The departure comes as the beverage maker restructures its technology leadership, consolidating what were two separate senior roles into one. Robb Simpson, currently the group digital and data director, will take on technology as well, becoming Lion's single point of accountability across digital, data, AI, and technology operations.

In a statement, Lion said it is "moving to a single digital and technology leader, bringing digital, data, AI, and technology together under one aligned strategy." The company added that it is now focused on "bringing technology and business strategy closer together and getting more value from the technology and data we've invested in."

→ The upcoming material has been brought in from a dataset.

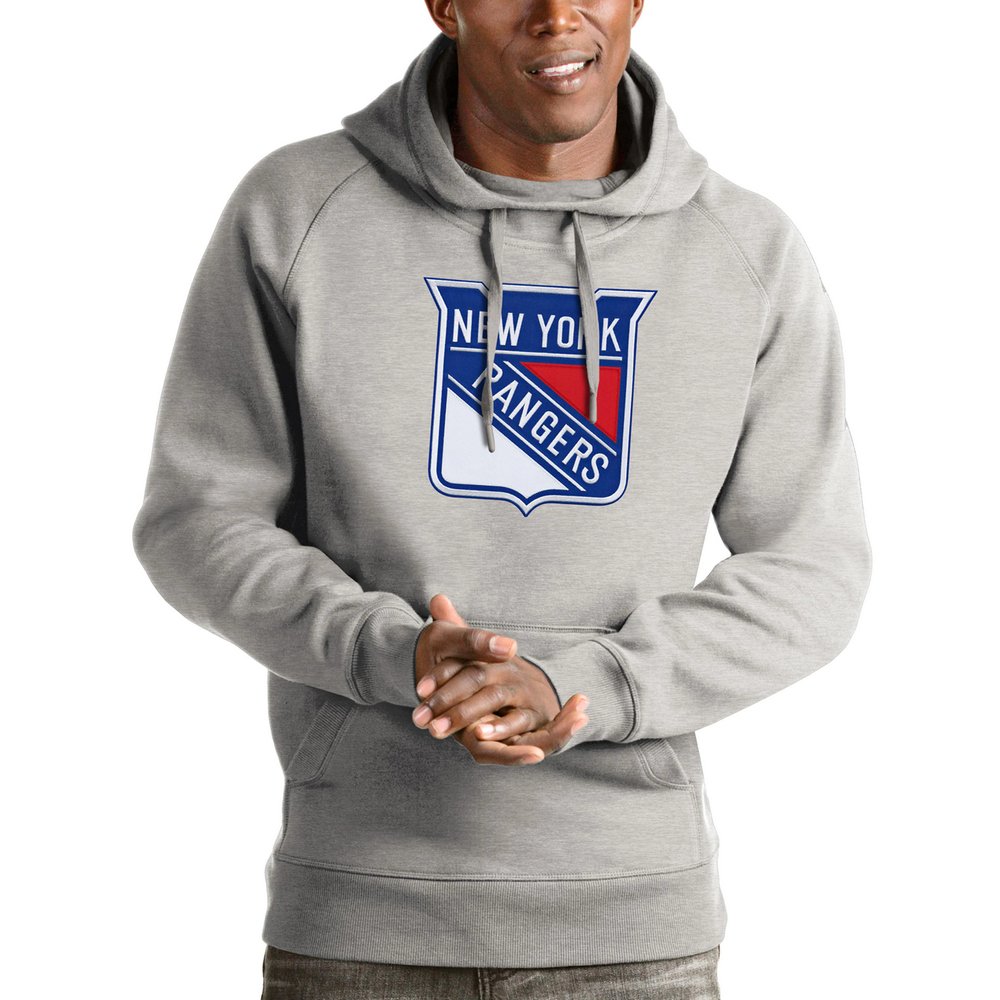 New York Rangers Antigua Logo Victory Pullover Hoodie - Heathered Gray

Kalyanasundaram's role, which was created only last year, effectively functioned as a chief information officer position, covering the full scope of Lion's technology operations. Before that, he held a range of roles across the company's SAP systems and broader application estate.
The record he leaves behind is substantial. During his tenure, Lion retired more than 500 legacy applications, shifted to a cloud-first strategy, and introduced generative AI into its IT support operations. The company also built out a self-service portal and mobile app giving staff access to people and culture, IT, finance, and risk functions from a single interface.

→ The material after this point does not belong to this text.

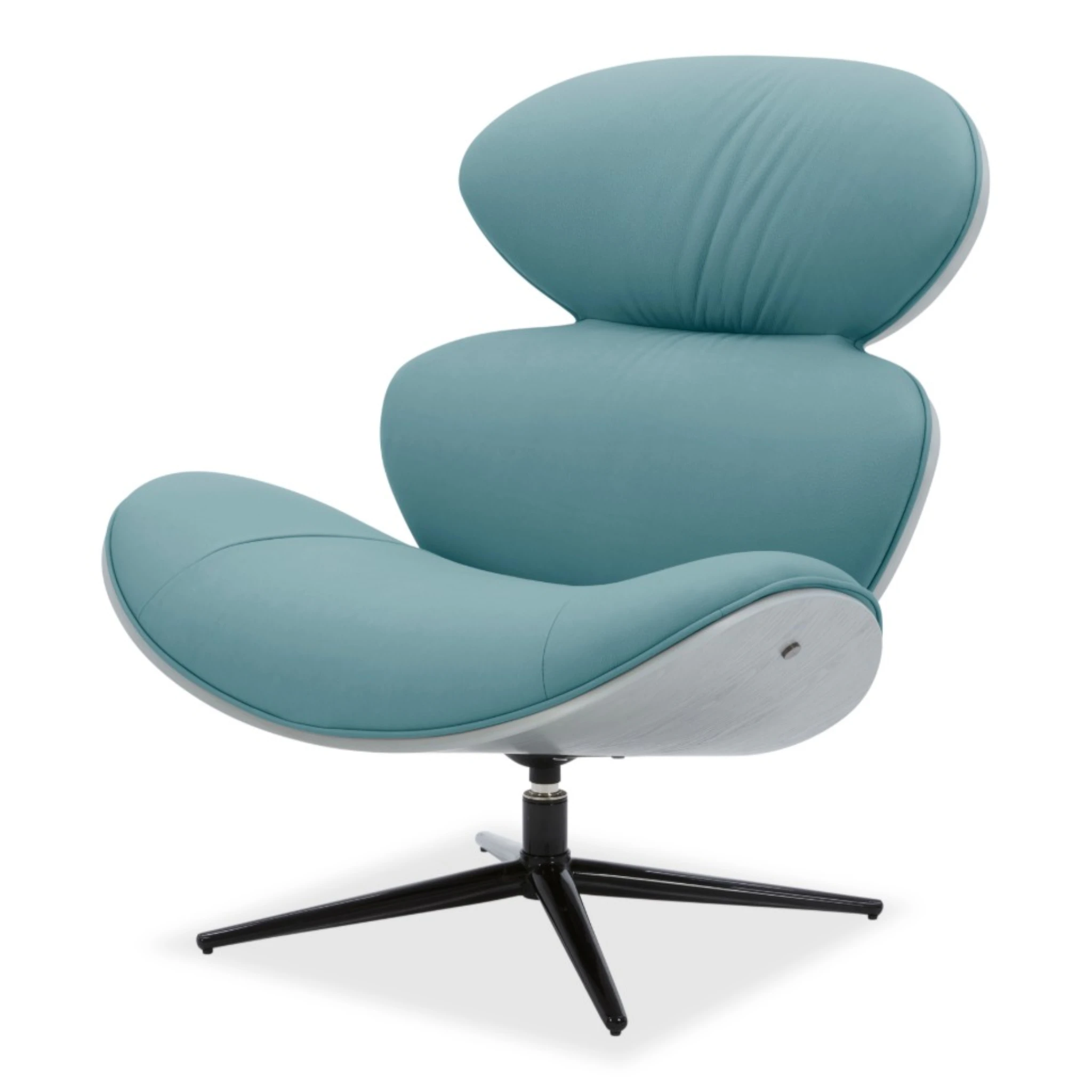 Loretto Swivel Chair in Blue genuine leather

Late last year, Lion moved further in that direction by outsourcing additional cloud migration, application development, and cyber security work to Tata Consulting Services, a deal that signalled the company's intent to lean on external expertise as it scales its technology ambitions.

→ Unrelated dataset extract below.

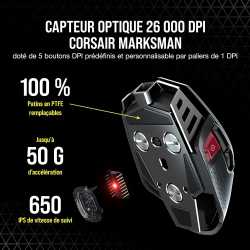 SOURIS GAMING CORSAIR GAMING M65 RGB ULTRA WIRELESS (NOIR)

Simpson paid tribute to his outgoing colleague in measured terms. Kalyanasundaram, he said, "laid the foundations for Lion to continue to innovate and evolve our digital and technology capabilities to service our customers better and ensure seamless delivery across the business." Simpson expressed confidence that the function remains on solid ground heading into the transition.
Kalyanasundaram, for his part, said he was leaving "with mixed emotions" but backed both Simpson and the company's direction. That kind of gracious exit, after 15 years and a significant technology overhaul, suggests a genuine alignment of values rather than a messy departure.
The structural logic behind the consolidation is straightforward enough. As digital transformation matures from a discrete initiative into an ongoing operational reality, many organisations find the old separation between technology leadership and digital strategy starts to create friction rather than clarity. Folding the two under one executive can sharpen accountability and reduce the coordination overhead that comes with parallel leadership tracks.
Whether Simpson can sustain the momentum Kalyanasundaram built, while also absorbing a broader remit, remains the open question. Merging roles is a sensible efficiency play in theory; in practice, it concentrates risk as much as it concentrates authority. Lion will be hoping the foundations laid over the past 15 years are solid enough to hold.